Supporting more young people into work

We are delighted to welcome 46 young trainees who started their Fast Track bricklaying training in March. These 11 women and 35 men will spend 10 weeks at our new training centre, our Centre for Excellence, in Lusaka.

Until 2017, our training was delivered exclusively through our community building projects. Although very effective, it limited the number of trainees we can support to between 50 – 80 each year.

Our community projects remain at the heart of what we do, but we also want to increase the number of young, unemployed people we can train. A Build It graduate could increase their earnings by up to £18,000 over 20 years if they do well. In 2014 average earnings in Zambia were £1,040 p.a, although the majority of the population earned considerably less.

By 2021 we aim to train 500% more young builders; that’s 460 young people per year, five times the number we trained in 2016.

To help us achieve this, we are building our Centre for Excellence and we have developed a “Fast Track” approach that we piloted in 2017. This involves:

  • Trainees completing our Life Skills training module at our Centre for Excellence
  • 10 weeks of technical training is delivered at the centre with plenty of practise time
  • Trainees undertake paid work placement with a local building firm rather than on one of our community builds

With a large number of local construction companies desperately in need of skilled workers and our young trainees keen to find employment, there is huge potential to maximise this pathway. This is akin to ‘apprenticeships’ in the UK which don’t exist in Zambia.

In 2017 we trained 68 Fast Track bricklaying trainees, 20 Fast Track painting trainees and 20 Fast Track roof carpentry trainees. Over 75% of Fast Track bricklaying trainees completed their minimum three month placement working for 13 different companies.

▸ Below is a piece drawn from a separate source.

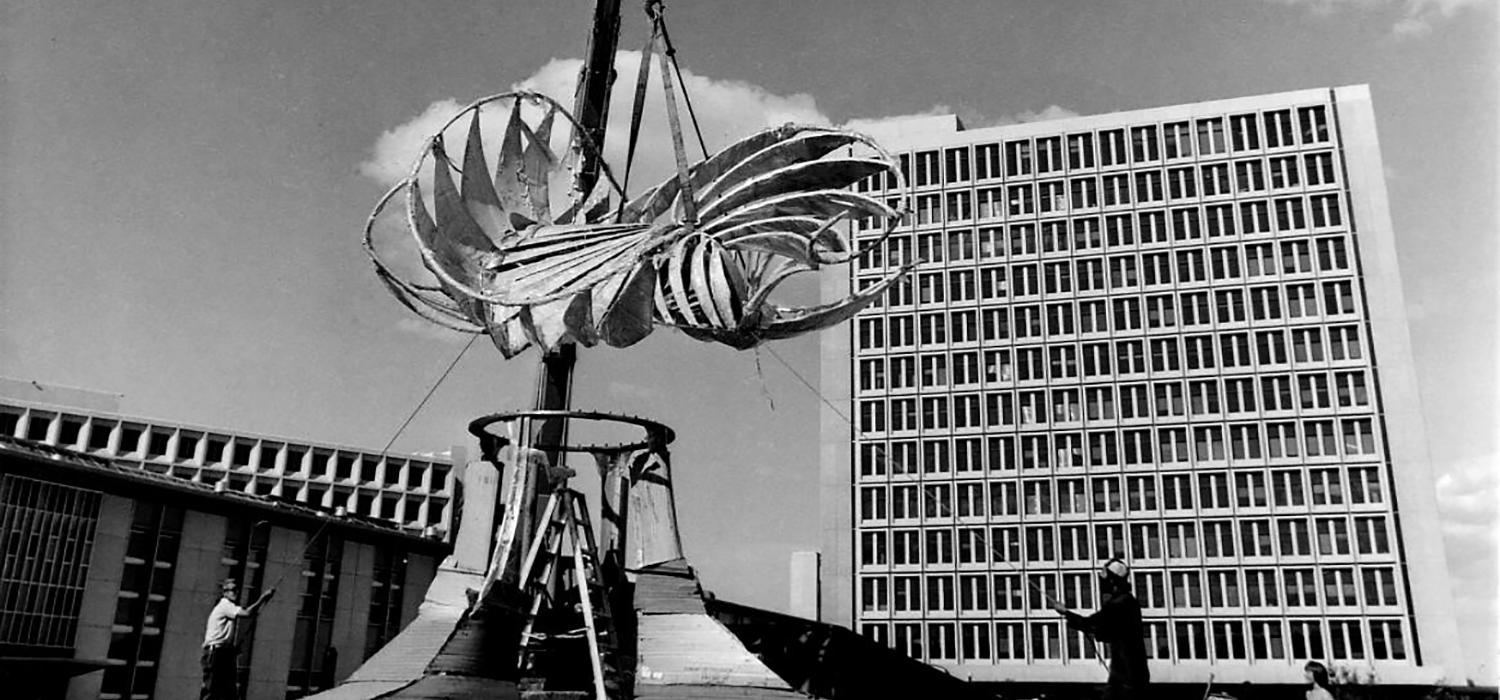 Image of a crane lowering the top of the Norris Sculpture (also known as The Prairie Chicken) onto the base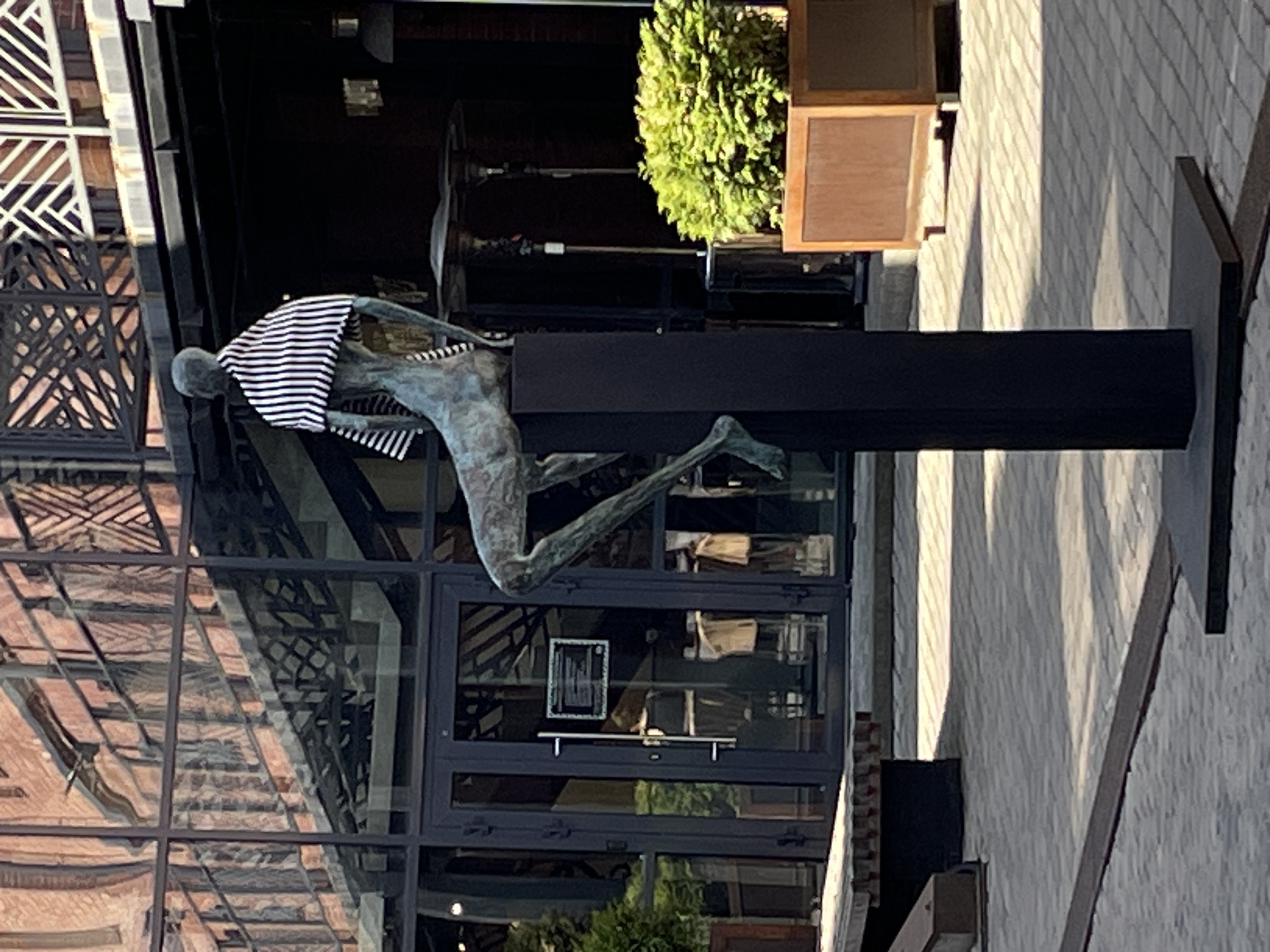 A statue of a man in a striped shirt and running posture is placed on a black rectangular stand. The statue is situated in front of a building with glass windows and a reflection of brick structures. A bush is in a wooden planter to the right of the statue. The statue and building are located on a paved area. Based on architectural style and urban characteristics, the statue is likely in Saint Petersburg, Russia.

We are encouraged by this and indications that many of these employers will take on further trainees in 2018. We continue to evaluate our work around trainee placements, in particular looking at:

  • Identifying employers who support young people and skills development, and are not just interested in ‘cheap’ labour
  • The timing of placements, with fewer work opportunities in December – March due to the rainy season
  • Difficulties placing our female trainees; we continue to engage relevant stakeholders to build confidence in and support for female trainees in the construction industry

Placements not only provide real work experience and new contacts for trainees, but also help to foster positive relationships with local contractors as we look to make wider changes to the local construction sector. This includes encouraging more employers to invest in training and ensuring better health and safety conditions for employees.